The filter is not burning up because of an occassional power outage, the Emperor 400 will retain plenty of water once it loses power in the two reservoirs to prime itself once the power comes back on; with proper maintnance techniques i can guarantee that. My Emperor 400 always self primes once i unplug it to do a water change, because there is enough water in the two reservoirs for that to happen.



Aulonocara_Freak said:


> surferguy001 said:
> 
> 
> > PfunMo said:
> ...


----------



## surferguy001 (Feb 6, 2010)

when i clean the filter i take mostly everything apart and use a long cylindrical wire brush to clean the spray bar and the hard to reach areas. the outlet is 110v. i have it on an aquarium power strip with built in timer for the lights and normal plugs for the heater and filter.

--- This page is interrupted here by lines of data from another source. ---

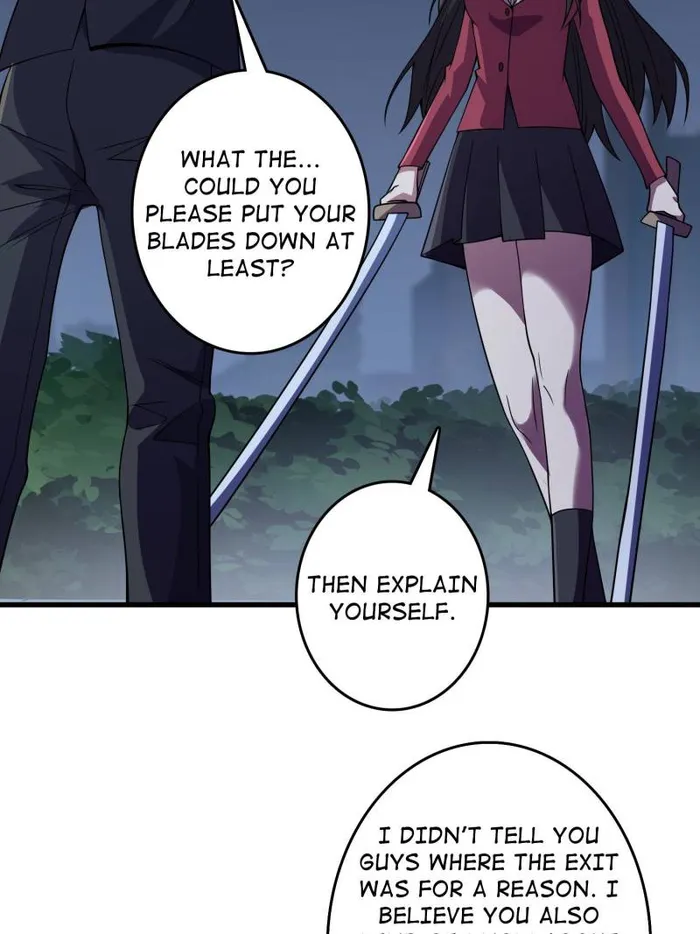 I’m Really Not The Villain — Chapter 126 — page 35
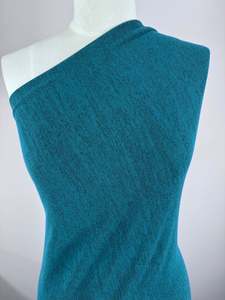Knits: Textured Knit - Shaded Spruce - 132cm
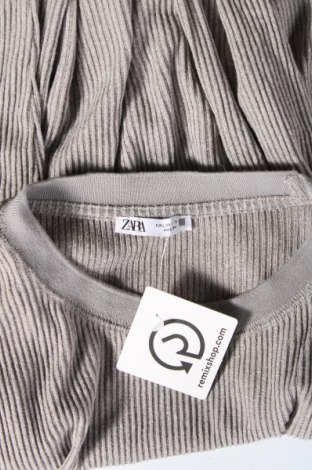 Damen Shirt Zara, Größe L, Farbe Grau, Preis 3,76 €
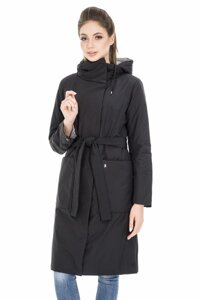 Довга жіноча куртка пальто San Crony 551-901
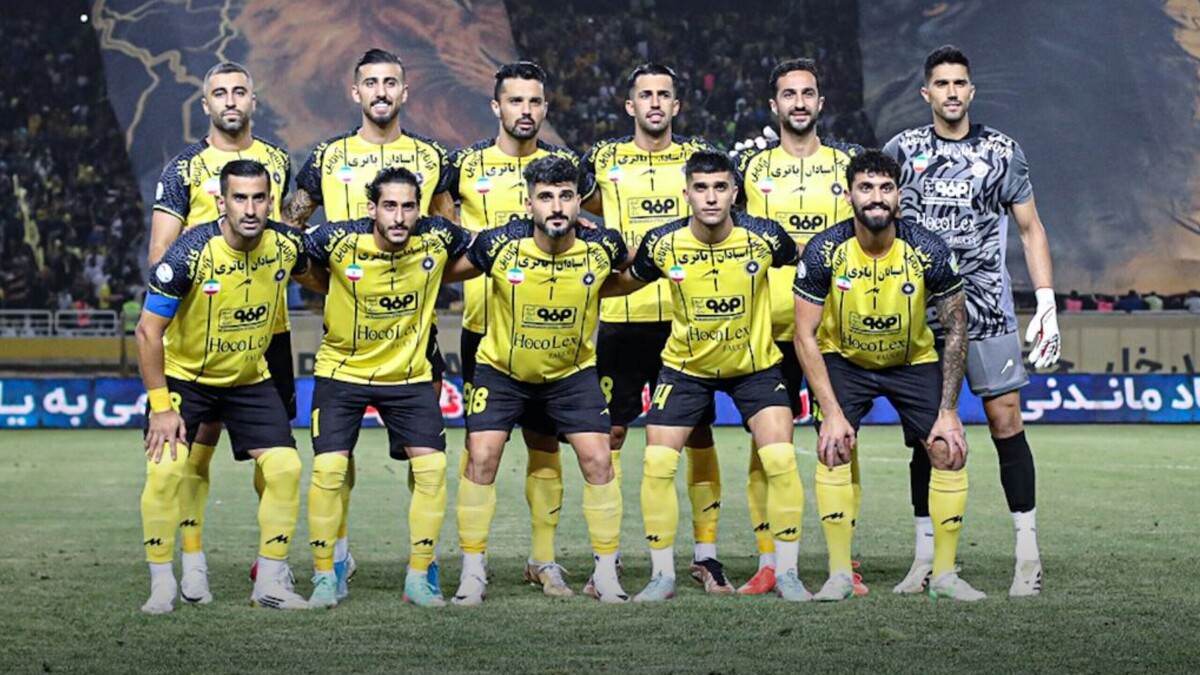 ترکیب سپاهان مقابل الحسین اردن مشخص شد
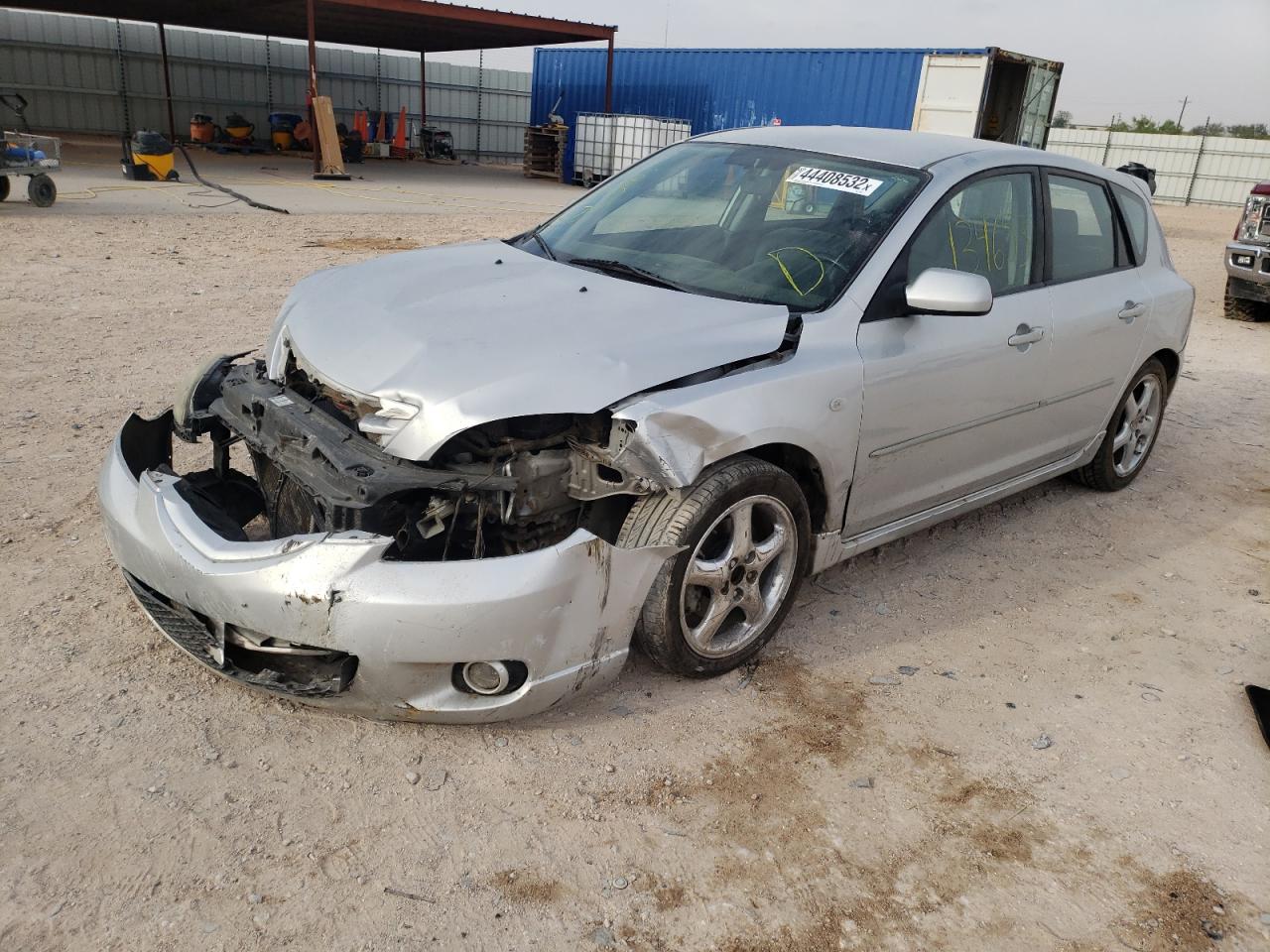 Photo 12 from auction – 2004 MAZDA 3 HATCHBAC with VIN JM1BK343241130404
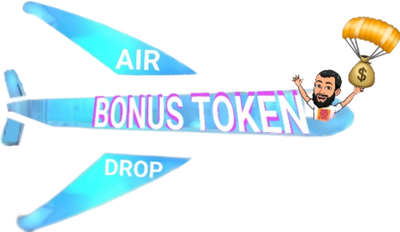 $BONUS 💰Bags Away💰ANDY AIRDROPME Sticker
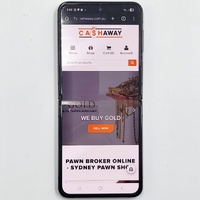 Samsung Galaxy Z Flip4 512GB Graphite Foldable Smartphone 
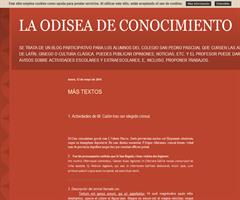 LA ODISEA DE CONOCIMIENTO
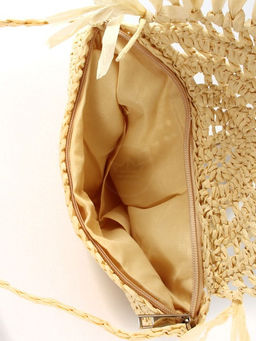 Сумка текстиль SNX-031, 1отд, плечевой ремень, светло-бежевый SALE 265614 - Bobo фото 3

I ordered the aquaclear 70 but i still want to try to figure out what is wrong so it doesnt happen again. i hve a 29 gallon aquarium next to it that has a HOB filter and have not replaced it in 3+ years. and i have a 129 gallon with a canister in the living room that has not had any problems in over a year either. the other filters that have not needed to be replaced ARE NOT made by marineland


----------



## PfunMo (Jul 30, 2009)

Definitely sounds like the intake is restricted. When the power is off, the water will only drain down to the lip of the container. That leaves plenty of water for the impeller to restart pulling water from the tank if it is anywhere close to normal tank level. One thing that can happen if the impeller is not kept clean is for it to stick. It can continue to run while spinning but when the power goes off and it sets a while, they sometimes can't start up again if they are not clean. I would take the center unit out of the container and look it over carefully. Wipe off any gunk and clean the tube. Then use a light to look down in the well where the impeller sets and clean it. You may need to use a long sharp stick or such to get down into this little space to really get it clean. With the motor humming, there power is there. Don't worry about the 110/220 question. If you plug a 110 motor into 220, you will know it real quick. If the impeller spins freely and there is water there, it only needs the tube clear to work fine after power failures. After turning the power off, it may gurgle and choke for a while but restart when it sucks enough water from the tank. Best of luck. These are good reliable filters but there is some small item missing here.


----------



## Mikecacho (Jul 9, 2011)

PfunMo said:


> Definitely sounds like the intake is restricted. When the power is off, the water will only drain down to the lip of the container. That leaves plenty of water for the impeller to restart pulling water from the tank if it is anywhere close to normal tank level. One thing that can happen if the impeller is not kept clean is for it to stick. It can continue to run while spinning but when the power goes off and it sets a while, they sometimes can't start up again if they are not clean. I would take the center unit out of the container and look it over carefully. Wipe off any gunk and clean the tube. Then use a light to look down in the well where the impeller sets and clean it. You may need to use a long sharp stick or such to get down into this little space to really get it clean. With the motor humming, there power is there. Don't worry about the 110/220 question. If you plug a 110 motor into 220, you will know it real quick. If the impeller spins freely and there is water there, it only needs the tube clear to work fine after power failures. After turning the power off, it may gurgle and choke for a while but restart when it sucks enough water from the tank. Best of luck. These are good reliable filters but there is some small item missing here.


Already mentioned info.


----------



## PfunMo (Jul 30, 2009)

When you say you take mostly everything apart, do you take the impeller cover off and take the impeller out of the well and clean under it? That is a good spot for gunk to collect. It neds cleaned both in the spot where the magnet sets as well as where the blades set. Major complaint with me when I have to drag the whole unit off the back and fully clean it but if I don't, it may not start.


----------



## Hercules Rockefeller (Jul 18, 2011)

smitty said:


> The only HOB filter I buy are Aquaclear. The only model I but is the 110.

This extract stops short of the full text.